• _Task goal_
How many lines in the records below contain the word "Historical"? State that number and nothing more.

• _Input material_

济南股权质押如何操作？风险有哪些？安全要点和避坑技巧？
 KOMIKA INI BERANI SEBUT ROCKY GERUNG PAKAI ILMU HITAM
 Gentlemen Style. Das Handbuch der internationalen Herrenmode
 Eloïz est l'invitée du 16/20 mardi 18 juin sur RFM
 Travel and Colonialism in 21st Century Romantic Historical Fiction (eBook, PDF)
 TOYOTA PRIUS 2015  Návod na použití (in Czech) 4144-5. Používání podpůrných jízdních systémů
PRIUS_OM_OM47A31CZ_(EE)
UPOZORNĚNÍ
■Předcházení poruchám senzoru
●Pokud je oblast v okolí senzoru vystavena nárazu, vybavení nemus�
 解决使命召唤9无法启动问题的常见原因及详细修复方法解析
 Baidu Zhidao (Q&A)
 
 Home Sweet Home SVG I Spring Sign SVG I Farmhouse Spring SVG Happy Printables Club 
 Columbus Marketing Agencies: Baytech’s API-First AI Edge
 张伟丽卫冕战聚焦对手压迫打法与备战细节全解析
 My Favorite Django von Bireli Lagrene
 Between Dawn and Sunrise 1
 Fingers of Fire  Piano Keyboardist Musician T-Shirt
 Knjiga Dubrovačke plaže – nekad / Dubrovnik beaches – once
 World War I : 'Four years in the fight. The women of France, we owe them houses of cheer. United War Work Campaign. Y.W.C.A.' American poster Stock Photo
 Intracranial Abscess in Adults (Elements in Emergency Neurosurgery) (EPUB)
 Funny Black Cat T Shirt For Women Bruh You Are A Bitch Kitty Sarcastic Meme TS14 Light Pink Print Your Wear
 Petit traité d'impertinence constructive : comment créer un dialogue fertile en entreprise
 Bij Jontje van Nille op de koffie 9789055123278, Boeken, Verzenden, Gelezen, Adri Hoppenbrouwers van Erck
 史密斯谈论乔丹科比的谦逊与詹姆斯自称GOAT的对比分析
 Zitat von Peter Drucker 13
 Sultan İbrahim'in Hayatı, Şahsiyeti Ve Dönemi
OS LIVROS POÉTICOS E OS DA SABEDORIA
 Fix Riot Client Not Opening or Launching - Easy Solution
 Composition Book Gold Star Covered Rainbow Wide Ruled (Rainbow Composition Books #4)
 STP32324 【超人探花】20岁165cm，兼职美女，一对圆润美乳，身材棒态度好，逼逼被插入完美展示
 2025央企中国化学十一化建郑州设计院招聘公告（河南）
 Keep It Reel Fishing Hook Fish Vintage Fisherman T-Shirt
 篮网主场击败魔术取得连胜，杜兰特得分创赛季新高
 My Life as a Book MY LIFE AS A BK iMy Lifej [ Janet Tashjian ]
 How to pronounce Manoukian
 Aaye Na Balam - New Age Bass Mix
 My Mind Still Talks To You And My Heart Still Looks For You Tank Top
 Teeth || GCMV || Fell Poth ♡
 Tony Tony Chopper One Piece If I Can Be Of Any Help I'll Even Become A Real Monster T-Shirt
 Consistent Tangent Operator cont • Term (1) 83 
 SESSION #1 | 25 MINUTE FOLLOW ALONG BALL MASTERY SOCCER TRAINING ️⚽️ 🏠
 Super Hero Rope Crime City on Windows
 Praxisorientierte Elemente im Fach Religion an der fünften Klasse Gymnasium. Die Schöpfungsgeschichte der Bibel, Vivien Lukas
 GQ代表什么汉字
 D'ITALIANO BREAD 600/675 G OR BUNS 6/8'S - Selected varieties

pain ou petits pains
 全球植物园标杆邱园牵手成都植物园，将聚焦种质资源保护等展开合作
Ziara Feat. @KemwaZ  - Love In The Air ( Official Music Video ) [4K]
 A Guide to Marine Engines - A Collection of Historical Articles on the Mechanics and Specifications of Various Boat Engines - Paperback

• _Written reply_
2